■ **Task prompt**
This exercise calls for the records to be returned exactly, with images removed.

(Brief descriptive captions)
——

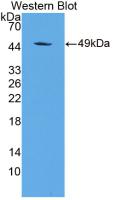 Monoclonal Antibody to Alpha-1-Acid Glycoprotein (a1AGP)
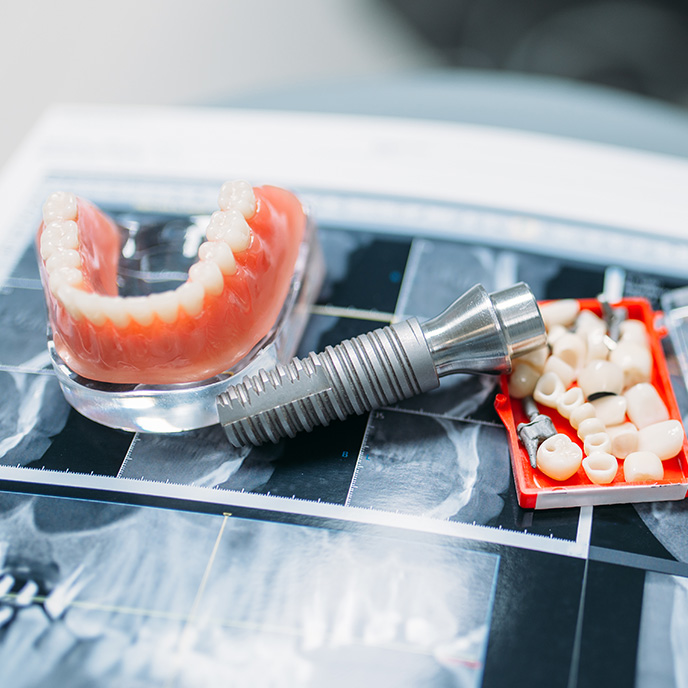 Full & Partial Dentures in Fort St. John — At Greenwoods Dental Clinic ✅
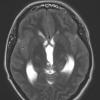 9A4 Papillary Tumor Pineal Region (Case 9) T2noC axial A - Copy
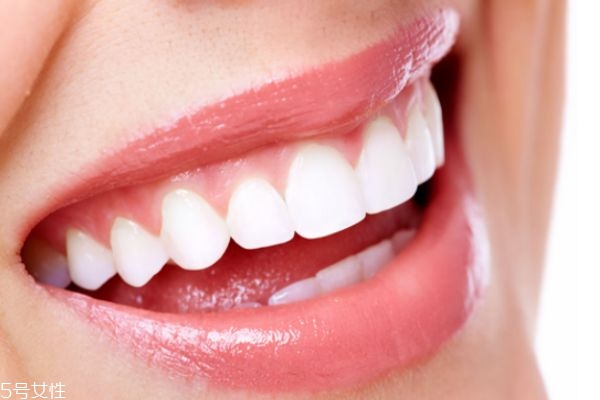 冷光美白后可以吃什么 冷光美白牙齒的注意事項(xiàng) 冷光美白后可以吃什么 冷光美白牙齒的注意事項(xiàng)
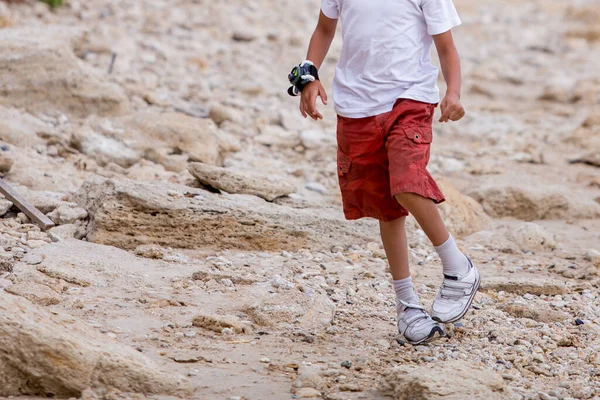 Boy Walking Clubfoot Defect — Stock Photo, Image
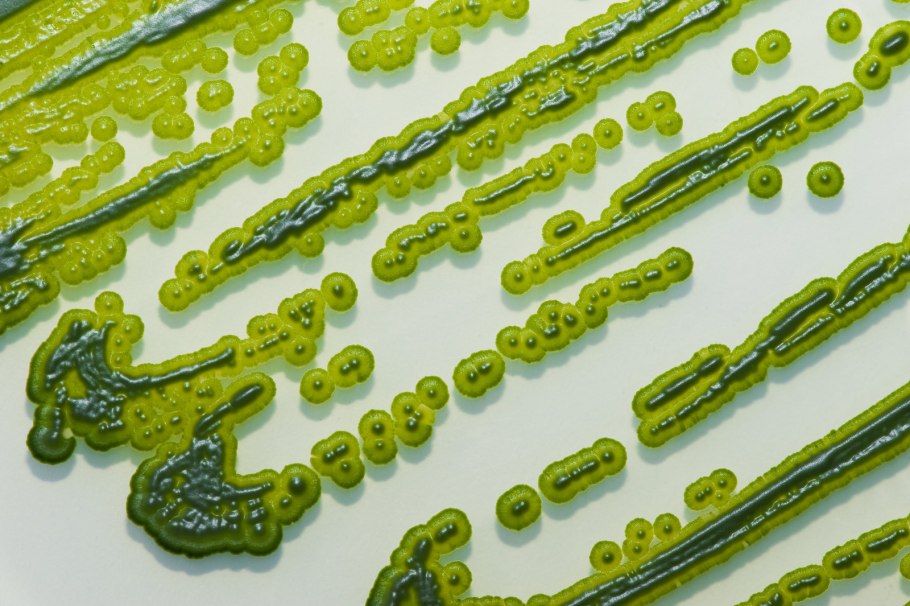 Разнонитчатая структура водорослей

——

■ **Your solution**
 Monoclonal Antibody to Alpha-1-Acid Glycoprotein (a1AGP)
 Full & Partial Dentures in Fort St. John — At Greenwoods Dental Clinic ✅
 9A4 Papillary Tumor Pineal Region (Case 9) T2noC axial A - Copy
 冷光美白后可以吃什么 冷光美白牙齒的注意事項(xiàng) 冷光美白后可以吃什么 冷光美白牙齒的注意事項(xiàng)
 Boy Walking Clubfoot Defect — Stock Photo, Image
 Разнонитчатая структура водорослей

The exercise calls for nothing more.